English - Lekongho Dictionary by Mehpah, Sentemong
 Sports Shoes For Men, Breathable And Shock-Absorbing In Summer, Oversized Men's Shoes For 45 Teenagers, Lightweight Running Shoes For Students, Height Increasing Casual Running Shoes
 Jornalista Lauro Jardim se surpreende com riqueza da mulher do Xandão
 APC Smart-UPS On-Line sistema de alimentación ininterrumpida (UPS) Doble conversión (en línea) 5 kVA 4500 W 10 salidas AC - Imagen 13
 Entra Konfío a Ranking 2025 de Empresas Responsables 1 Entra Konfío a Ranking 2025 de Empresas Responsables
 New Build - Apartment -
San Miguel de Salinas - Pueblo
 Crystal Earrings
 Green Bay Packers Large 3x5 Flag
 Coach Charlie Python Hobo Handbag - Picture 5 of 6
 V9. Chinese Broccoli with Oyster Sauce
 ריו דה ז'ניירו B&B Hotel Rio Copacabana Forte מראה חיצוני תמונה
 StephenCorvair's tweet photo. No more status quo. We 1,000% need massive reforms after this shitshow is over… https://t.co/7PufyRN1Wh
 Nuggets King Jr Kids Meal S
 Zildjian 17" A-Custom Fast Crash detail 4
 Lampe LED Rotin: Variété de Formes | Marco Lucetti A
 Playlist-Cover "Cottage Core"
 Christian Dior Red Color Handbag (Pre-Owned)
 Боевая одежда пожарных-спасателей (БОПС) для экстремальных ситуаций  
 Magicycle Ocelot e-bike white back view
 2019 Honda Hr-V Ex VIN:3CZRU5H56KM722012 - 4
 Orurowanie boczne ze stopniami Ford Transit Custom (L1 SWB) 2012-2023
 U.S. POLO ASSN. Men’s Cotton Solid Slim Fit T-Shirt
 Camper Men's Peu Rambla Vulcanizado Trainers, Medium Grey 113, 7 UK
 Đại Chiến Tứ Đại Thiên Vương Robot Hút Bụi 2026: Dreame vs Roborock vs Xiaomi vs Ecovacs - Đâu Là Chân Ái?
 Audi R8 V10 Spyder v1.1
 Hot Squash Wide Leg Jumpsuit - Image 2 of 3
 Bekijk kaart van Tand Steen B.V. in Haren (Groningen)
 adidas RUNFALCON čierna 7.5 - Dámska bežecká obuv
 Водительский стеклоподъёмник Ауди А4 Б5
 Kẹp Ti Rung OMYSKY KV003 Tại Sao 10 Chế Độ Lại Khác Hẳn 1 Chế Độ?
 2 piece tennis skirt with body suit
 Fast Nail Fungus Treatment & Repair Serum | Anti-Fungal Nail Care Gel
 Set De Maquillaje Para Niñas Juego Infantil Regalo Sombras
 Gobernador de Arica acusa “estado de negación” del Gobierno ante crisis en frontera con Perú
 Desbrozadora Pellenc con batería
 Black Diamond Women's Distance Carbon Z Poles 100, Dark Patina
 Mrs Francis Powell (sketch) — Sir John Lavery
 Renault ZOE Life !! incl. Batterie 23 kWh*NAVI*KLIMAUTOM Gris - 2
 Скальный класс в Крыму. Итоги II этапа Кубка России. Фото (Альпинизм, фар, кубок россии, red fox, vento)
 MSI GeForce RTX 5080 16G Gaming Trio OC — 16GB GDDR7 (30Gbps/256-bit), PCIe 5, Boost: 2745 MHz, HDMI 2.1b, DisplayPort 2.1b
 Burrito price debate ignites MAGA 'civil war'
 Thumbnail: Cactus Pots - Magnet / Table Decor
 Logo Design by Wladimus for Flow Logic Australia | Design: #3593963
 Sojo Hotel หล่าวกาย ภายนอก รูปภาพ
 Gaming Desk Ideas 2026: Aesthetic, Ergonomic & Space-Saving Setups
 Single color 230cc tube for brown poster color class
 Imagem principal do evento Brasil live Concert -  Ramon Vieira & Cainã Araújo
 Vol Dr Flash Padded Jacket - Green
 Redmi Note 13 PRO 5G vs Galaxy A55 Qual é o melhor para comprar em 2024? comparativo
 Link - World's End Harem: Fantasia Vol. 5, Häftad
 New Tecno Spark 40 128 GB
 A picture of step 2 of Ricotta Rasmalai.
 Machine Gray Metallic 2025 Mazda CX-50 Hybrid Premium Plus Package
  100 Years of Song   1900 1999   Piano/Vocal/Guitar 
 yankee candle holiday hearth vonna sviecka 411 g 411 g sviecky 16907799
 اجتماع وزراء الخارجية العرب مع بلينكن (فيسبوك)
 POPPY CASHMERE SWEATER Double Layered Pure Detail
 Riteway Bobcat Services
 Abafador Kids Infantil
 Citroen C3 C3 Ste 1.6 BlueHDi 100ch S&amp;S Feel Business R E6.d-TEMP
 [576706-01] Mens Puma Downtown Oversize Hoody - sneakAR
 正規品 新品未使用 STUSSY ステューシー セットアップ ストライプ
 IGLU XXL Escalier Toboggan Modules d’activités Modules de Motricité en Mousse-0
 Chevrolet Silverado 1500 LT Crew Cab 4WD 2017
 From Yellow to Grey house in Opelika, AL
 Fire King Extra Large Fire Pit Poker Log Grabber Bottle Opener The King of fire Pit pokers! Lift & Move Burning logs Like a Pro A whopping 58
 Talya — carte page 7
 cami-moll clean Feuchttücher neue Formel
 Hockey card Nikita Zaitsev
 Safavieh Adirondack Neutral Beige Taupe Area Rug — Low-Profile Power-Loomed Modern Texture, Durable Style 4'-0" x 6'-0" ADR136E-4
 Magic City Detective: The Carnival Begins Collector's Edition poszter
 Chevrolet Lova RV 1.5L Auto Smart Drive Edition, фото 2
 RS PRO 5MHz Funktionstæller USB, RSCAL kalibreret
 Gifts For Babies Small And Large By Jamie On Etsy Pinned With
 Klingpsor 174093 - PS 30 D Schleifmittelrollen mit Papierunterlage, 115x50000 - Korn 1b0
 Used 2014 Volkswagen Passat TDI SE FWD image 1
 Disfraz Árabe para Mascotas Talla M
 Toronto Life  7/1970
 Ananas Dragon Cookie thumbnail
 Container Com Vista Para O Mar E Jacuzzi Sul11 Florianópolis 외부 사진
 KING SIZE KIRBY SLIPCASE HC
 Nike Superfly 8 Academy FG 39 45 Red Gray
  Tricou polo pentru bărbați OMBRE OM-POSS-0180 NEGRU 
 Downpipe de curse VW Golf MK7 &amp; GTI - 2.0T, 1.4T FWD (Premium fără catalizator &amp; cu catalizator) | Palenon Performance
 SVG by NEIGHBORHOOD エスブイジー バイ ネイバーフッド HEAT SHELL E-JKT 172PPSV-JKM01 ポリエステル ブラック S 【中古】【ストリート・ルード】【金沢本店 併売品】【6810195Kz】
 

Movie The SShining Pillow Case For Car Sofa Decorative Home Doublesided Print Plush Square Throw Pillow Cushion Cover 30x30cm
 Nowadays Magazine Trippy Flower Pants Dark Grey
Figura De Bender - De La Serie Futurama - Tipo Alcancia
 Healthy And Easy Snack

**Problem**
The result should consist solely of the lines from the one that contains "Movie The SShining" to the last line of the records above, reproduced exactly.

**Task response**
Movie The SShining Pillow Case For Car Sofa Decorative Home Doublesided Print Plush Square Throw Pillow Cushion Cover 30x30cm
 Nowadays Magazine Trippy Flower Pants Dark Grey
Figura De Bender - De La Serie Futurama - Tipo Alcancia
 Healthy And Easy Snack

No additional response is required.